窓を開けることを口実に、名前を呼んだ。汗ばむ気温、湿った土のような夏の匂い。西陽が煩いから君の顔は見られなかった。
影さえ重ならない距離感で、同じ空気を共にした。
残像が焼き付くほど眩しい笑顔も、透き通るほど白い腕もその影は真っ黒で、それが妙に嬉しかった。
この季節は影が短いから仕方ない、なんて言い訳をしたまま、時間は切れた。
今年も影が短くなった。雨上がり生ぬるい空気を思い切り吸い込んで、もう現れることのない影を、この部屋で待っている。
懲りもせず君を探した。
忘れないと誓った横顔は目を開ける度に遠のいて、記憶に収まりゆくことに気がつき、唇をかむ。

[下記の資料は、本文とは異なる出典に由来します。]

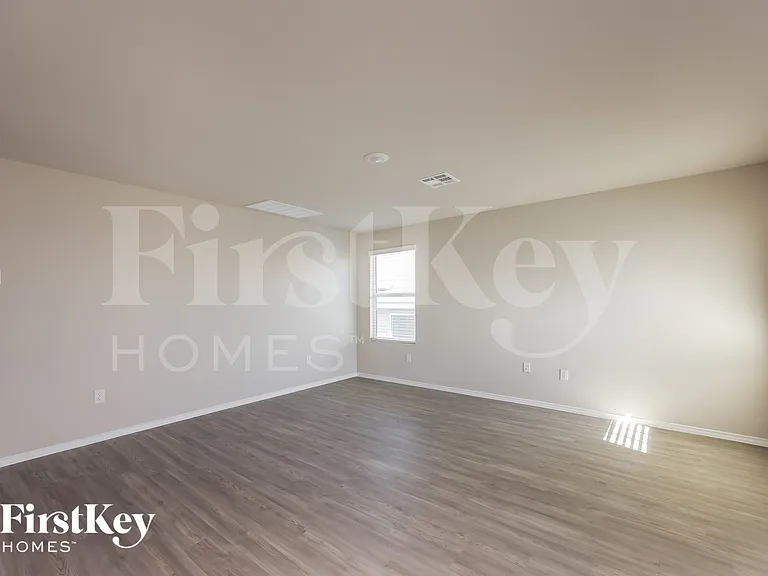 6443 Pickaxe Way — Photo 3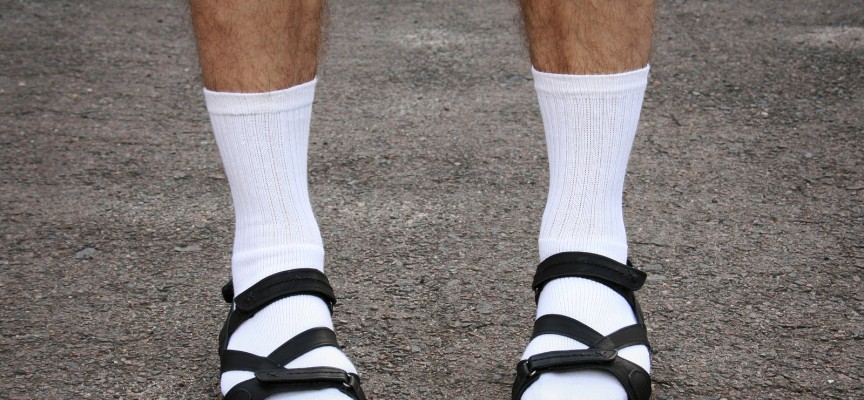 Folketinget vedtager forbud mod sokker i sandaler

幸福な思い出になる前に、日々を辿って、何度でも物語を始める。続きを探す。それが、終電を過ぎた駅で電車を待ち続けるようなものであったとしても、どうか次の朝まで。
君がこの街にいた痕跡を探し続けていた。
長い旅路のほんの少しの時間、同じ空気を吸っただけ。君の海馬に少しでも爪痕を残せただろうか、と考えるのは傲慢なことだろうな。
東京はもう桜が散ったらしいが、知ったことではない。君を記憶にしないため、今日も残像と暮らす。この先ずっと一緒だって構わない。妄想だって構わない!
そう思っていたのに、君の痕跡を見つけて、膝から崩れ落ちてしまった。桜が散り始めていた。
大人になって、未来図を描くことができなくなった。目の前になだれ込む塵を端に寄せることに精一杯で、未来図を描くスペースもない。どうにか確保した足の踏み場に腰を下ろし、眠りにつく日々。息抜きどころか息継ぎも怪しい。しかし、迫り来る今に揺り動かされ、些細なことで傷ついたり幸せを感じたりする日々は、美しい気がした。
ときに、未来図を手にしたかつての自分が冷ややかな目で見下ろす。それでも、等身大で今を生きる選択をしたこの日々は、きっと美しい。だから、未来図はもう要らない。
ひとひらという言葉を知らなかった。
何か小洒落た一文に使われている言葉という認識だった。
「薄く、ちらなもののうちの一つ」。
あまりにも質素な意味を知った時、目に浮かんだのはポストから落ちた請求書の一枚、溢したシュレッダーの紙、人波の中立ち塞がる恋人たち。ひとひらはありふれた日々の事柄だと思った。さも風情ある日本語のようにあつかわれる「ひとひら」には何の趣もなかった。それでも、些末なひとひらの上に記憶と記録を重ねて意味を増やしていくことができたなら、それは素敵なことだろうと思った。